--- Exercise materials Enclosed Below ---

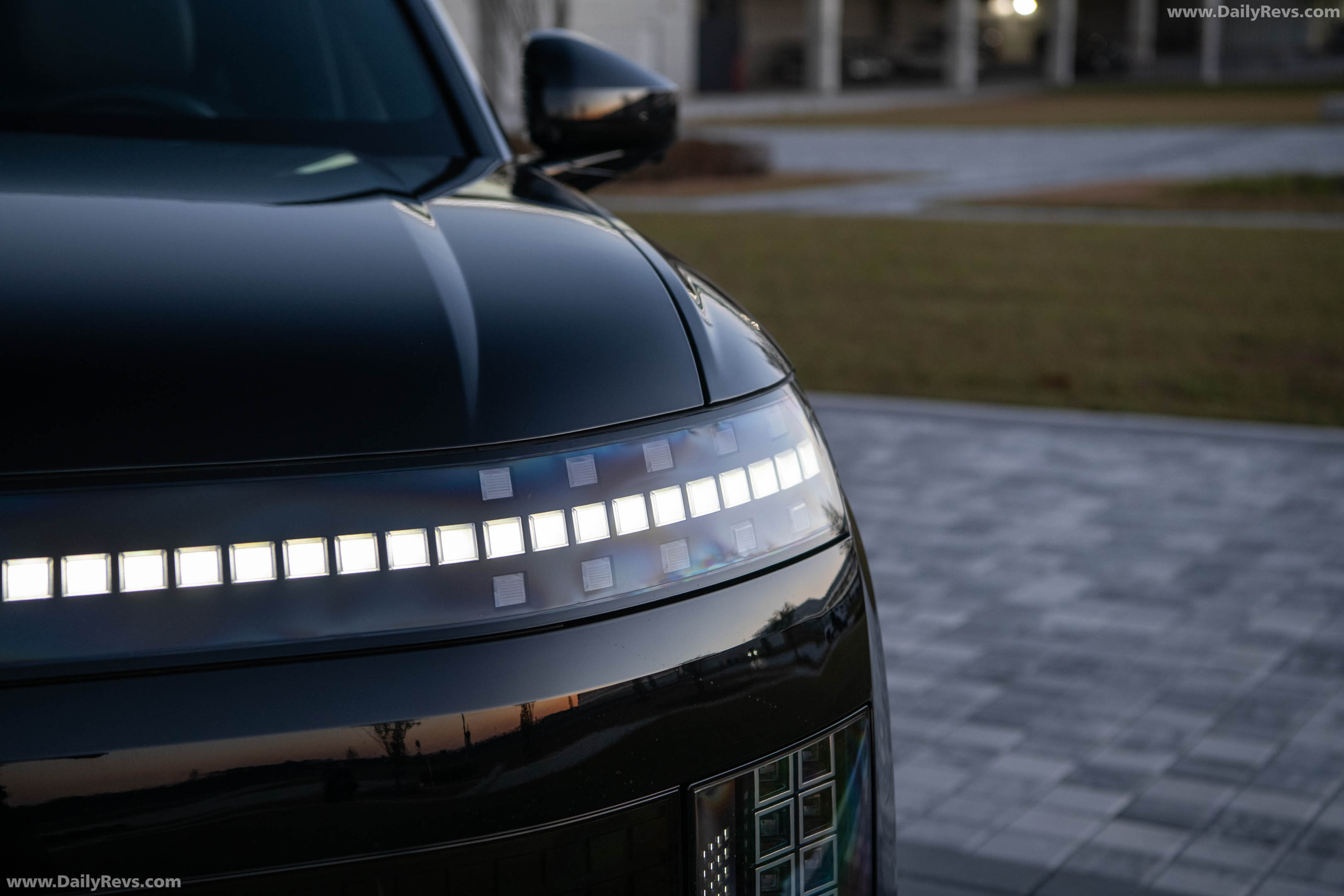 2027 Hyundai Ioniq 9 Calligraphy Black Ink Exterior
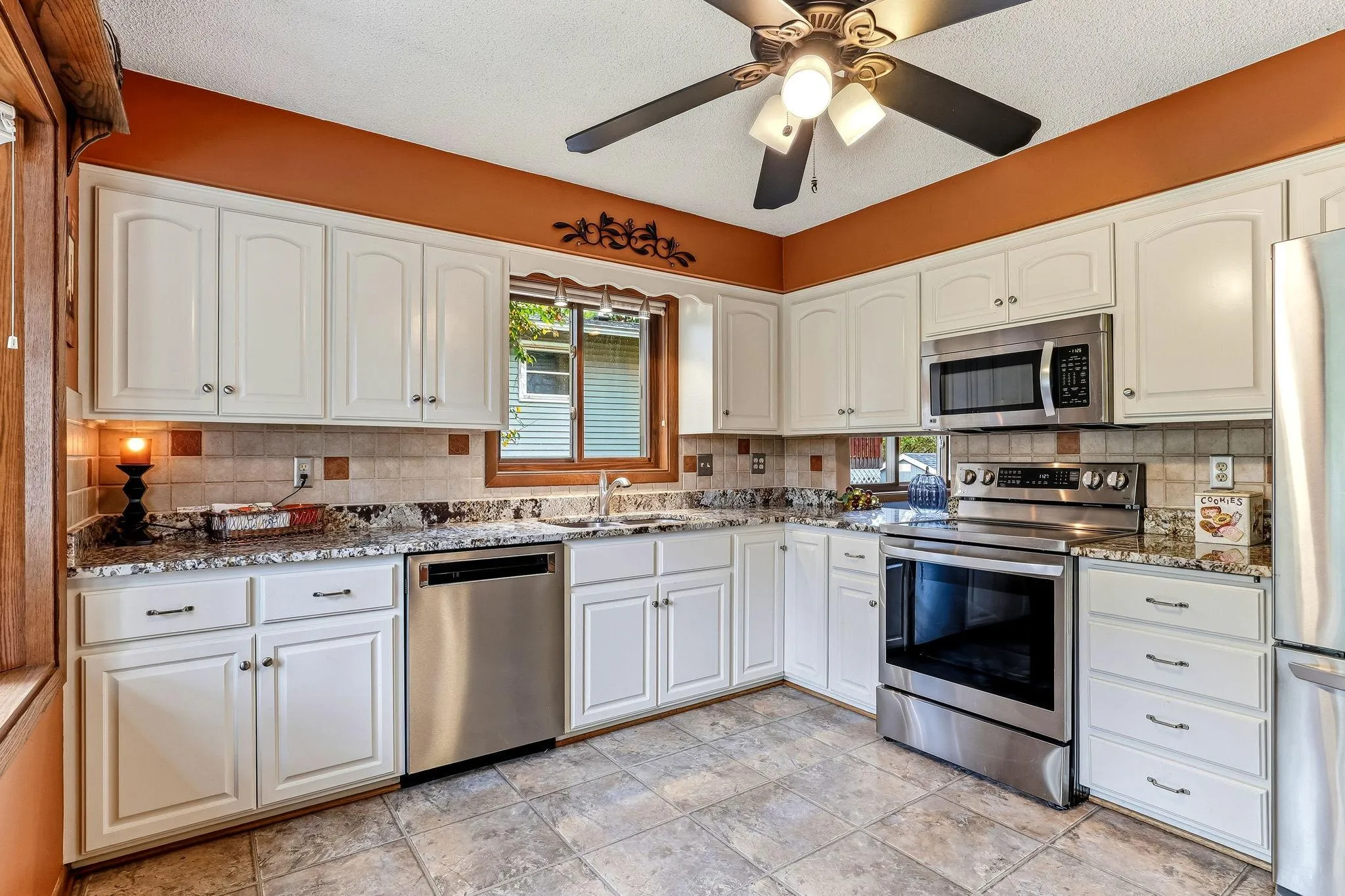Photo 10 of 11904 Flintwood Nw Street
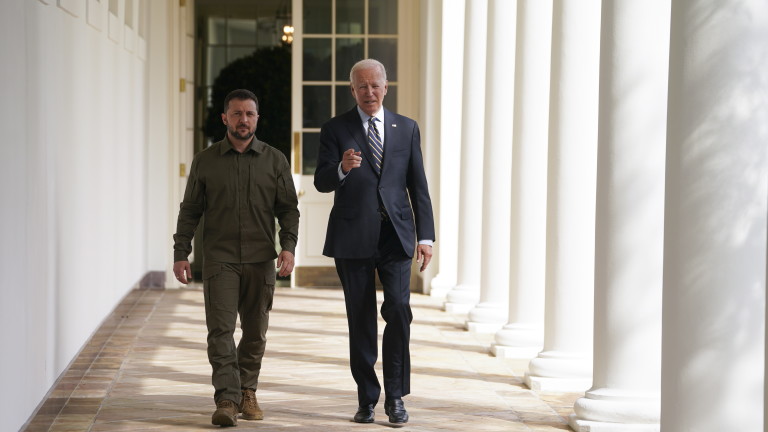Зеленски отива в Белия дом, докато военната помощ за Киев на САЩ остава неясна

--- End of Enclosed Exercise materials ---
--- Exercise materials Enclosed Below ---

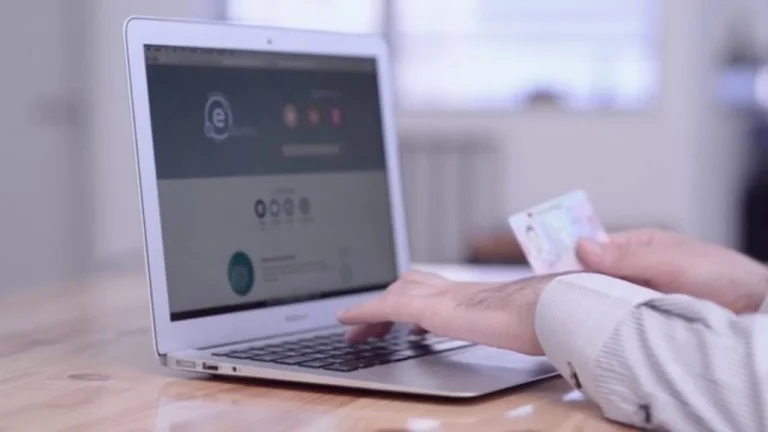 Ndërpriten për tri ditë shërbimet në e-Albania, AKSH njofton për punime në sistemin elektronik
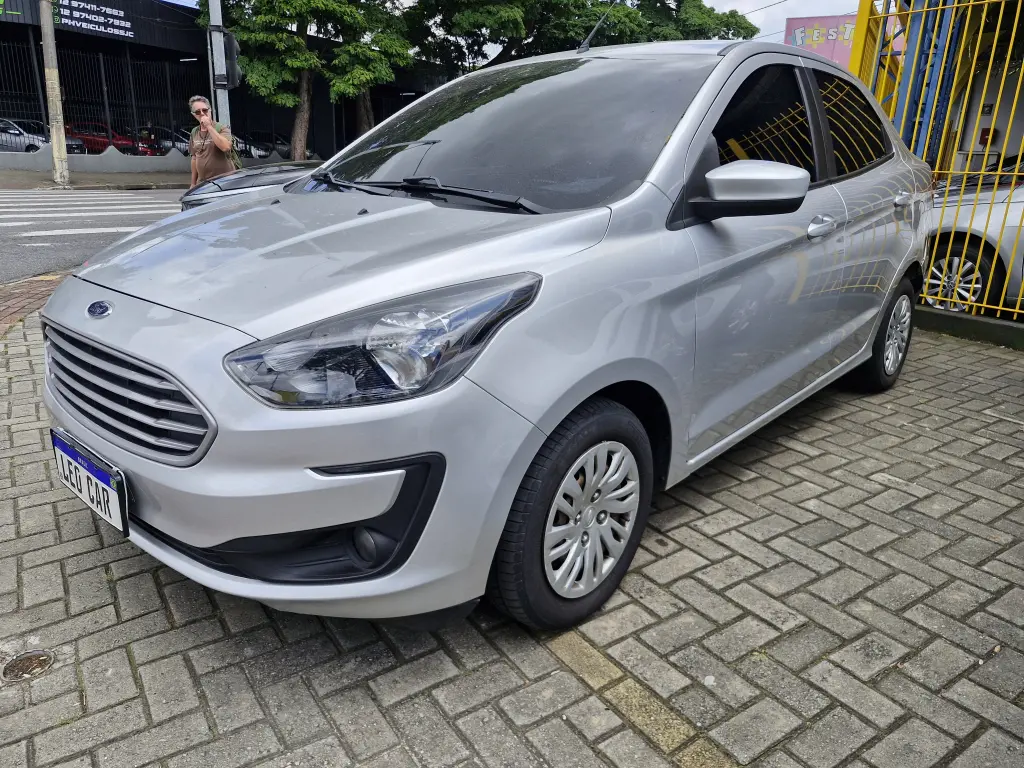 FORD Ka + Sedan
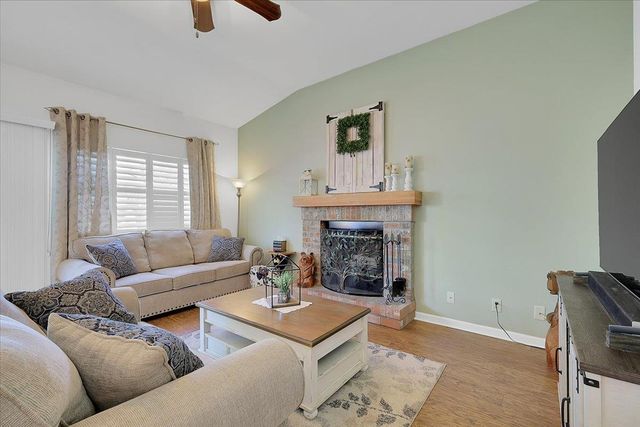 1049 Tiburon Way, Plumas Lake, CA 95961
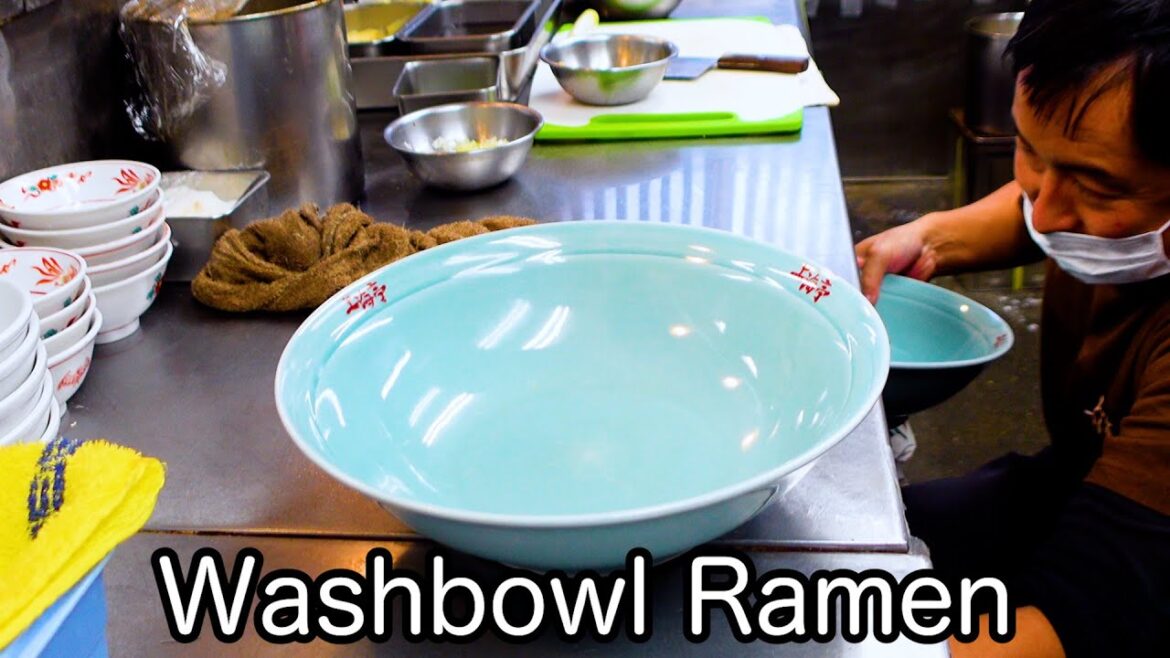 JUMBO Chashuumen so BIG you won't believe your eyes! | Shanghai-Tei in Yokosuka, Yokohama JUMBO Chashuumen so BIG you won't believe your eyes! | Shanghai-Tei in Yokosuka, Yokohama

--- End of Enclosed Exercise materials ---
--- Exercise materials Enclosed Below ---

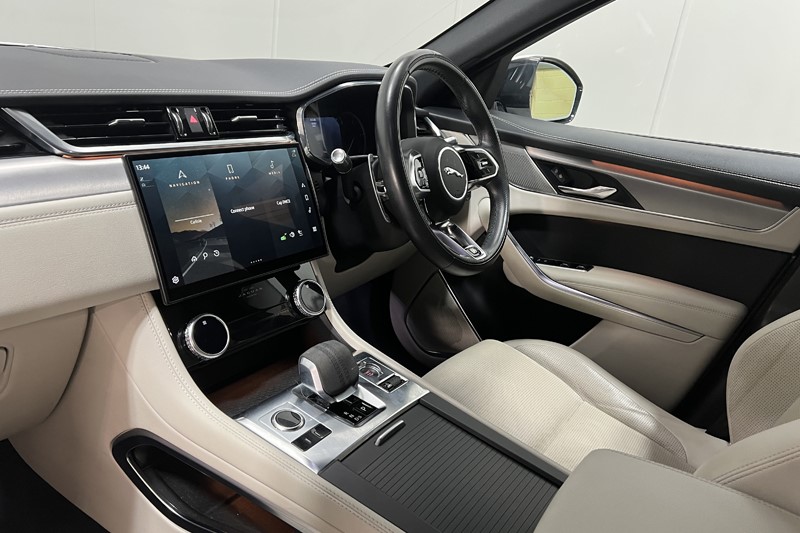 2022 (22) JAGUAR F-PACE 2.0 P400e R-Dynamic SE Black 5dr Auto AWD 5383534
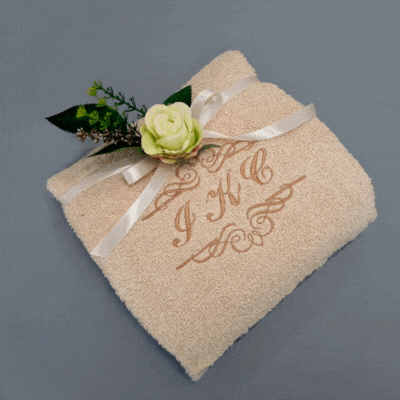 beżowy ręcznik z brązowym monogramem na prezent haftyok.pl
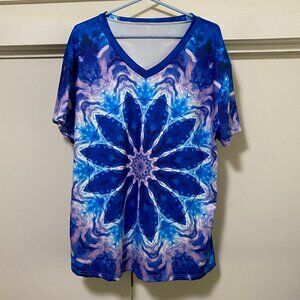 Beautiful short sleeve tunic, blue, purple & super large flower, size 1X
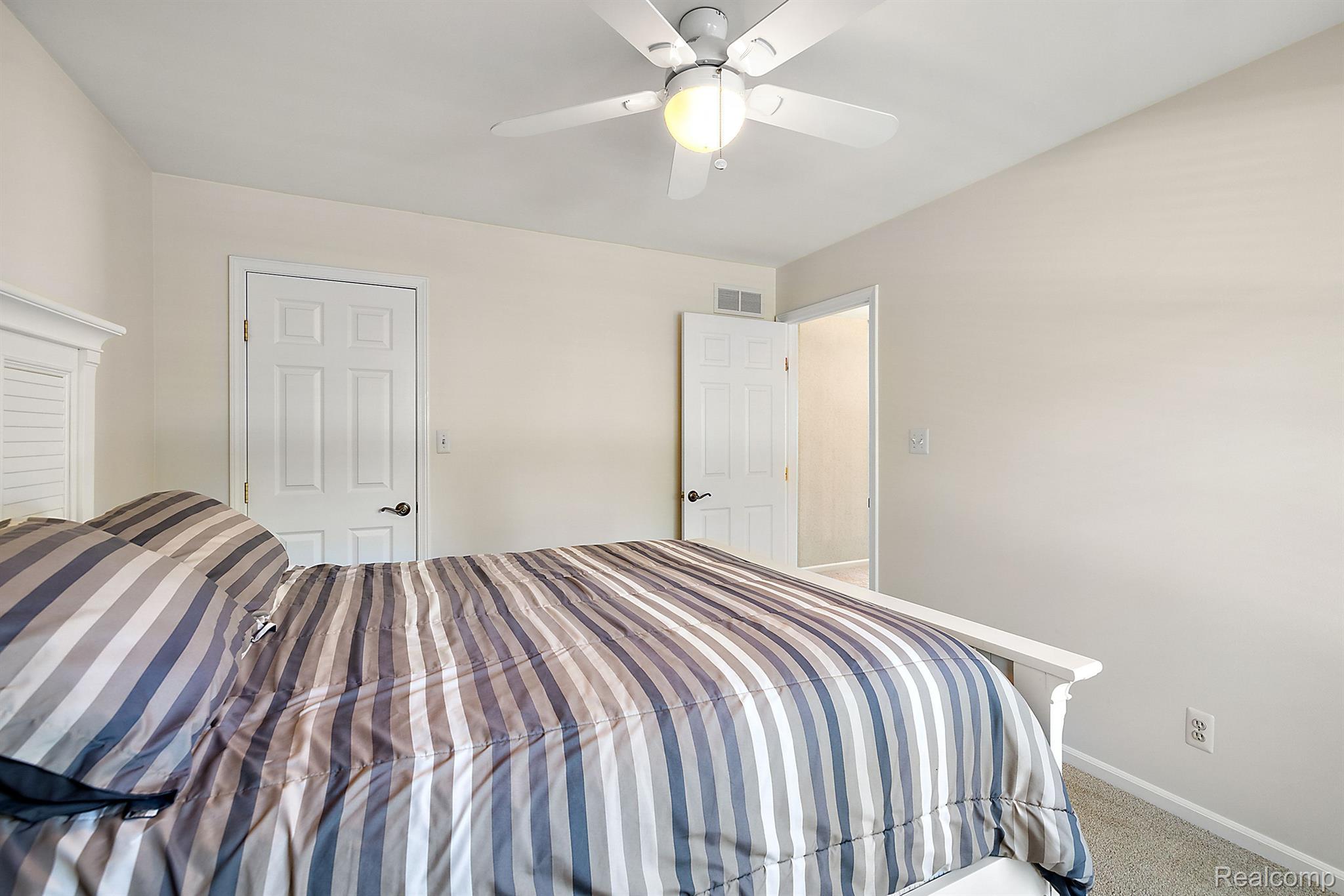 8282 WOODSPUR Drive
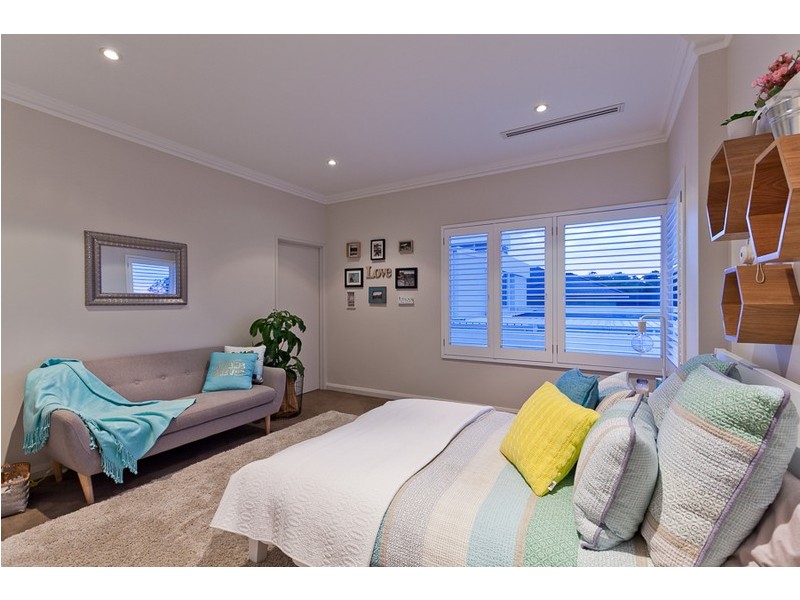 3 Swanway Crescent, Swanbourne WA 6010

--- End of Enclosed Exercise materials ---

* **Exercise**: Return the stretch of data that begins with the line showing "Beautiful short sleeve" and goes on through the line showing "3 Swanway Crescent, Swanbourne WA 6010", exactly, with pictures removed.

* **Completed exercise**:
 Beautiful short sleeve tunic, blue, purple & super large flower, size 1X
 8282 WOODSPUR Drive
 3 Swanway Crescent, Swanbourne WA 6010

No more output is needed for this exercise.